業務の決まり事を超えてちょっとしたサービスやコミュニケーションができる人とできない人がいます。これは、自分の仕事に誇りを持っている人と、ルールだけ守ればそれでよいと思っている人の違いです。ルールだけなら責任者は要りません。ルールを守ってさえいれば、責任を果たしさえすればそれでいいのでしょうか。「いや、違う」と思って勇気をもって、やる。こういった姿勢を日本人は取り戻す必要があると思います。

今日のテーマは「イノベーションを考える」です。イノベーションって何でしょう?「技術革新」というのは間違った訳です。イノベーションとは、新しい仕組みを利用し、その結果「儲ける」ことです。経営に大いに関係があります。

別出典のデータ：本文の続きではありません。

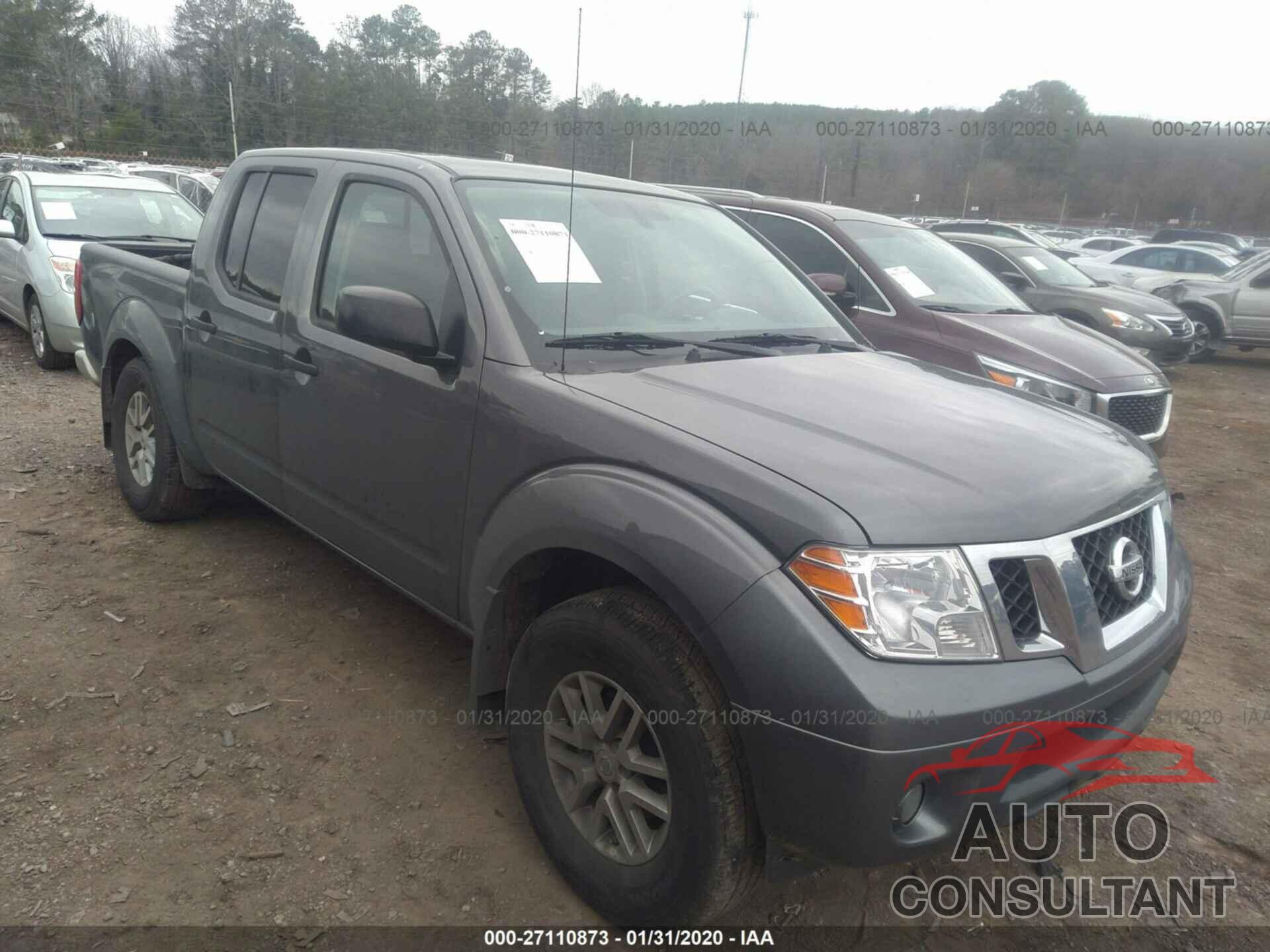 NISSAN FRONTIER 2019 - 1N6DD0ER9KN768396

日本人の技術者は、「すごい技術の物を作ったのだから消費者は買うべきである」と思いがちです。これはイノベーションではなく単なる自己満足、思い上がりです。たとえば、インドでは鍵付きの冷蔵庫が大ヒットしました。これは、メイドさんが食材を持ち帰るという問題に対応したもので、「市場」を知っていたからこその発想です。日本では、台所に入ったことのない人がコンピュータの前で設計をしていますが、イノベーションを起こすためには市場や社会に入っていく必要があるのです。イノベーションとは、必ずしも技術革新である必要はなく、いわば「商売の転がし方」といってもいいでしょう。

Amazonは本屋のECとしては実は200社目。後発です。ECは在庫しなくてよいと言われていましたが、Amazonは巨大な倉庫に膨大な在庫を抱え、素早く発送します。利益は出さず、すべて物流につぎ込んできました。さらにはリアル店舗である生鮮食品のホールフーズを巨額で買収し、経営は前CEOにそのまま任せました。いったい何を狙っているのでしょう。

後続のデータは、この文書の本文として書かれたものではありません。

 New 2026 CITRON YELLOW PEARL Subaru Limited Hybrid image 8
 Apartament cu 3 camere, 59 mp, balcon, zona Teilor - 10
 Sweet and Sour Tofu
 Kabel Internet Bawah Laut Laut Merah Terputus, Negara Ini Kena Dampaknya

世界のファッション業界で独り勝ちしているZARA。ファッション業界では普通、企画から商品陳列まで9か月かかるところ、ZARAは2週間で実現します。いわばファッションの後出しじゃんけん。最新のパリコレの素材を落として大量生産。1シーズンだけ着ればよいという若者のニーズに合った品質に最適化したのです。繰り返しますが、イノベーションのカギは技術だけでなく、商売の転がし方です。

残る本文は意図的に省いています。